# Anyone read a good Fishing Book?



## SnowmanJon (May 17, 2008)

I'm leaving Monday to go on a cruise for the week and I was wondering if anyone has read a good fishing book..like techniques...theories about weather conditions..that short of thing...I have an excellent reference from B.A.S.S....one of those books they send you then tell you that you owe them $16.95 for S/H...but you can return it for $16.95 S/H :shock: 

Anyone read anything of se besides magizines???

JON


----------



## Jim (May 18, 2008)

I am half way done with Big Bass Zone. So far it its good in theory. I really need a basic fishing book for dummies, How to get your skills back type of book. :LOL2:


https://www.amazon.com/Big-Bass-Zone-Catch-Monster/dp/0883173131/ref=pd_bbs_sr_1?ie=UTF8&s=books&qid=1211160146&sr=8-1


----------



## FishinsMyLife (May 18, 2008)

I've been wanting to read that BBZ book..Sowbelly is a pretty good read about the quest for the world record bass.


----------



## SnowmanJon (May 18, 2008)

Thanks guys I picked up a copy of 

The Freshwater Angler

Largemouth Bass

Tournament-tested patterns for cathcing Big Bass in Lakes, River, Reserviors

thats what the cover of the book says.

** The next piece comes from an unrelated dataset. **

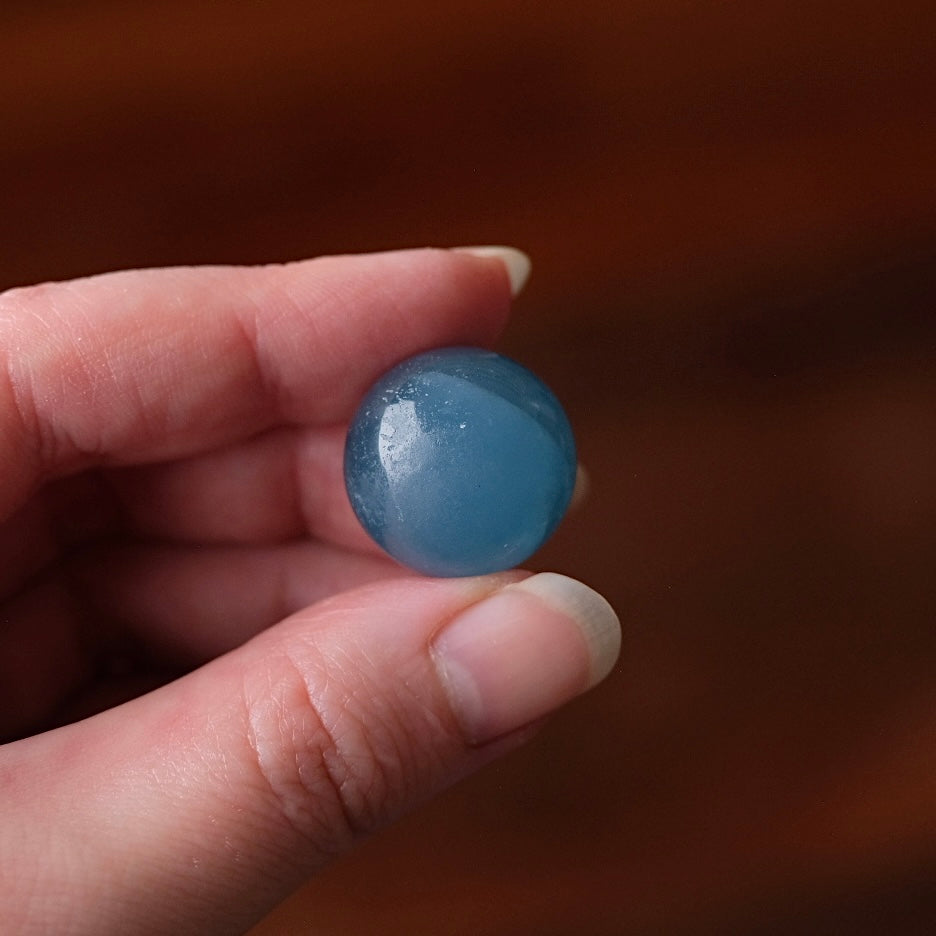 Lemurian Aquatine Calcite Sphere | Blue Onyx Crystal Sphere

It's the only one that kinda showed theory about where the bass are compared to season, water temps, and conditions. Shows somethings on depth finders and some ideas on how to find the pattern.

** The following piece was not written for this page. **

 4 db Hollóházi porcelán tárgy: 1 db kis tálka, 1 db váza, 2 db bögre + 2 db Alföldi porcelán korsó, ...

I also picked up every bass mag I could find. I'm going to be gone on a cruise...4 hour plane flight and a week of doing nothing. So I figured I get educated, since now I just fish the bank nothing biting I just fish deeper and slower. Thats about all the theory I have. Gets me fish but my pal Jason can slay them in any kinda conditions. Makes me sick.

JON


----------



## Tompatt (May 19, 2008)

SnowmanJon said:


> Thanks guys I picked up a copy of
> 
> The Freshwater Angler
> 
> ...



my grandpa gave me these fishing books. there are about 10 books. talks about each group of fish and where to go during the seasons. and equipment.


----------



## Captain Ahab (May 19, 2008)

I have a decent collection of fishing related books. I do not go in for the "how to" books, so most of my collection is short story compilations, scientific analysis and such. Want a good educational read - get a copy of H. Bruce Franklin’s _“The Most Important Fish in the Sea.”_

Want something a little lighter - _Chicken Soup for the Fisherman's Soul_ - collection of fishing stories that are funny and well written


----------



## redbug (May 19, 2008)

I have the spoon plugging series by Buck Perry it is a 7 book series that covers everything it is very in depth bit is worth the read.
Wayne


----------



## BLK fisher (May 19, 2008)

I have two books. One is Denny Brauers jig fishing. Very interesting if your into jigs. And the other is Kevin Van Damns book on fishing. He tells you some of his theories and secrets and how to think outside the box.


----------